*** Source data ***

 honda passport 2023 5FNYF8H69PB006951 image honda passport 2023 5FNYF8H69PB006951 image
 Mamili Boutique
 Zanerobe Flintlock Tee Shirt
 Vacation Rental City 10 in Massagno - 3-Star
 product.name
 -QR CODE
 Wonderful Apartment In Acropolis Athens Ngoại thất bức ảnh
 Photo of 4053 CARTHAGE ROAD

*** End of Source data ***
*** Source data ***

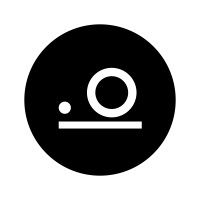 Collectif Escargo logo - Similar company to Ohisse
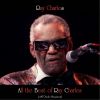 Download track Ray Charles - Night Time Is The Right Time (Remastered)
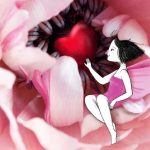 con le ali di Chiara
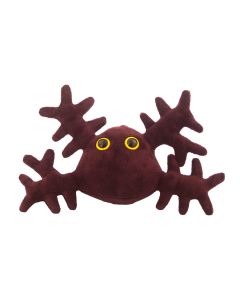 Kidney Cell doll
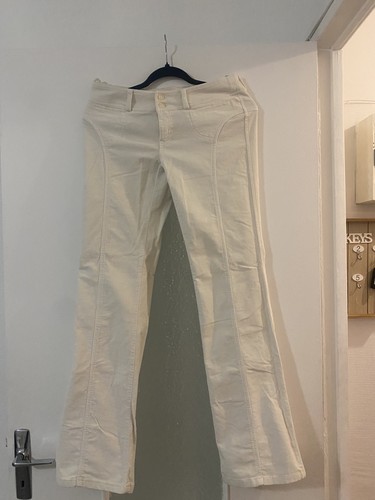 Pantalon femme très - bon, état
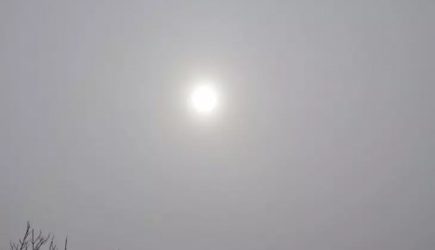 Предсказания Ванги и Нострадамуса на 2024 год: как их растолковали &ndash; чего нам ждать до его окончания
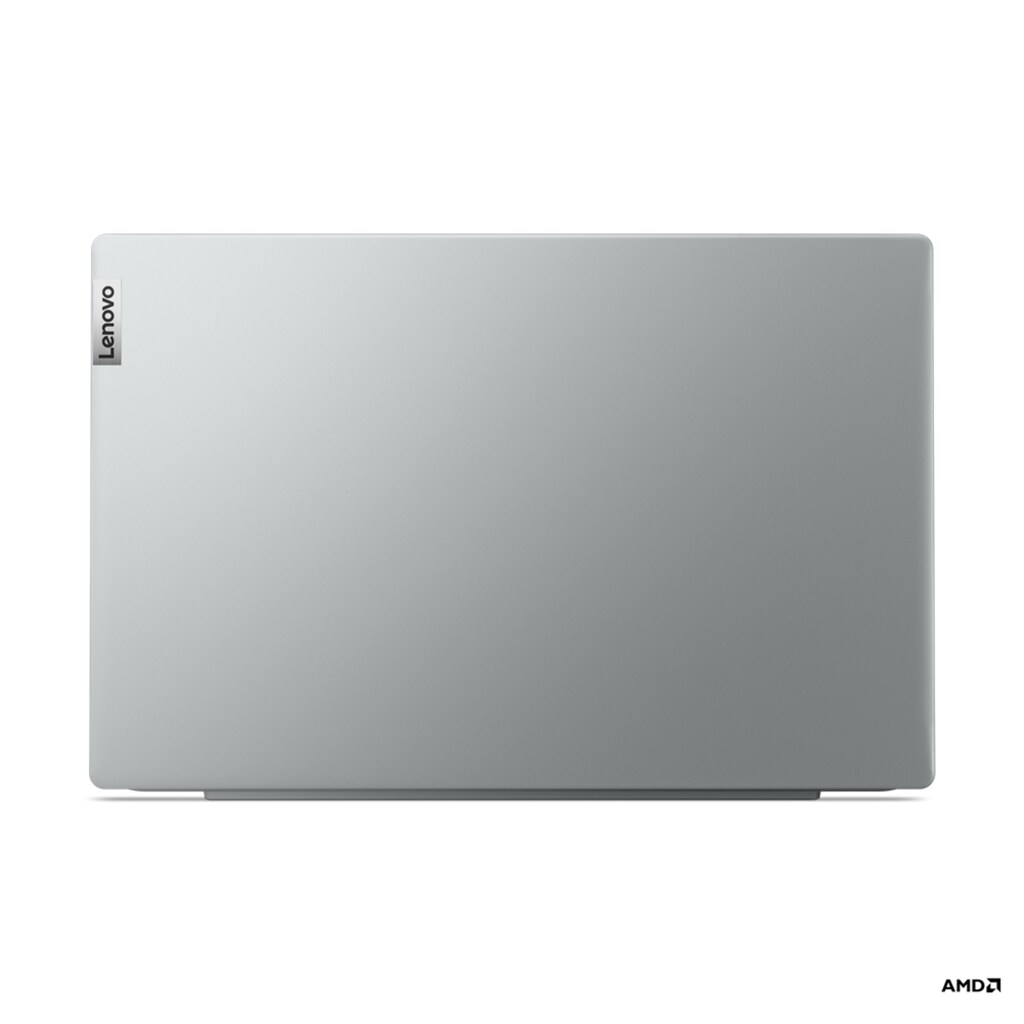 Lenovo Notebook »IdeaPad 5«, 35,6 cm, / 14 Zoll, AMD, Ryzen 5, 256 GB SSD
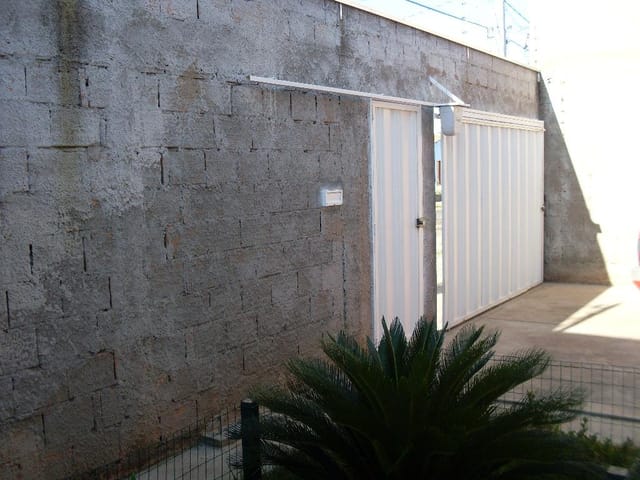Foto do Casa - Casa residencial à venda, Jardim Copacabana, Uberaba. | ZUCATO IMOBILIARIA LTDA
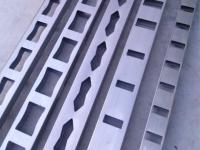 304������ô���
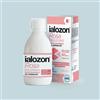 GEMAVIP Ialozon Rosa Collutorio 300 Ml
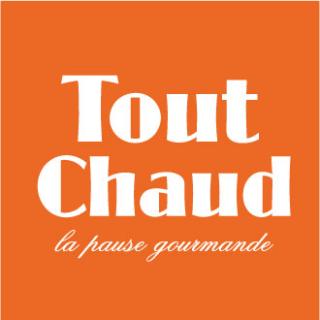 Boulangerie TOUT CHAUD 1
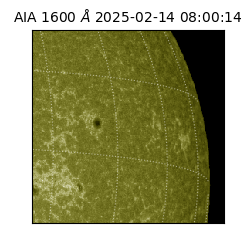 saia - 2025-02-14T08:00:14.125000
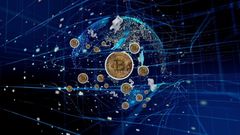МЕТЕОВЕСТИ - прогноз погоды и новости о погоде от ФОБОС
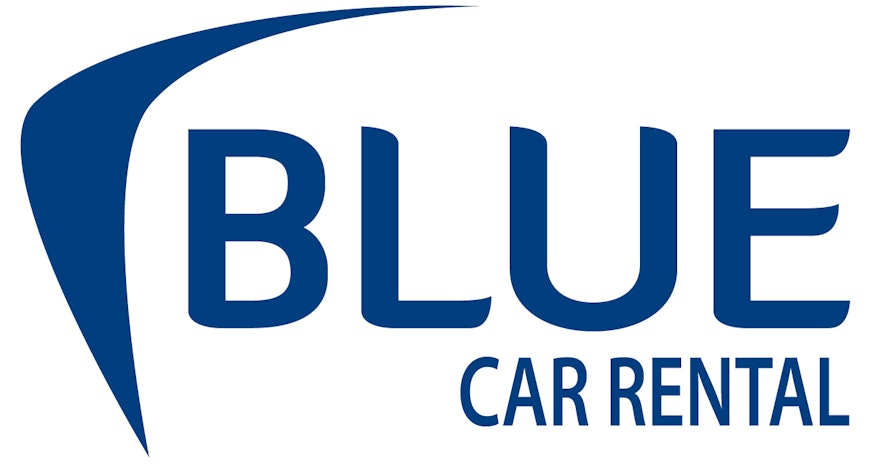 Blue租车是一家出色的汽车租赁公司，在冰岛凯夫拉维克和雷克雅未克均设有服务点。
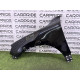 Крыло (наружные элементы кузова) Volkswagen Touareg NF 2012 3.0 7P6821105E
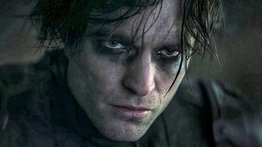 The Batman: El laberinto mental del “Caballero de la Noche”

*** End of Source data ***
*** Source data ***

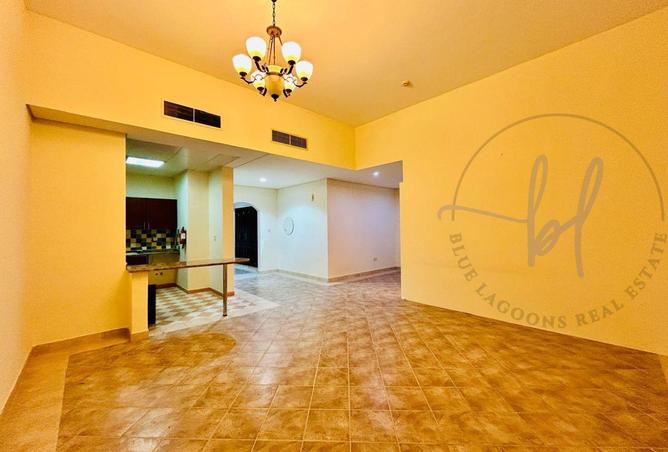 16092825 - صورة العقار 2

*** End of Source data ***

=== Exercise details ===
With the first line being the one containing "honda passport 2023 5FNYF8H69PB006951 image honda" and the last line the one containing "Photo of 4053 CARTHAGE ROAD", transcribe exactly the lines above that fall in that range.

=== Finished exercise ===
 honda passport 2023 5FNYF8H69PB006951 image honda passport 2023 5FNYF8H69PB006951 image
 Mamili Boutique
 Zanerobe Flintlock Tee Shirt
 Vacation Rental City 10 in Massagno - 3-Star
 product.name
 -QR CODE
 Wonderful Apartment In Acropolis Athens Ngoại thất bức ảnh
 Photo of 4053 CARTHAGE ROAD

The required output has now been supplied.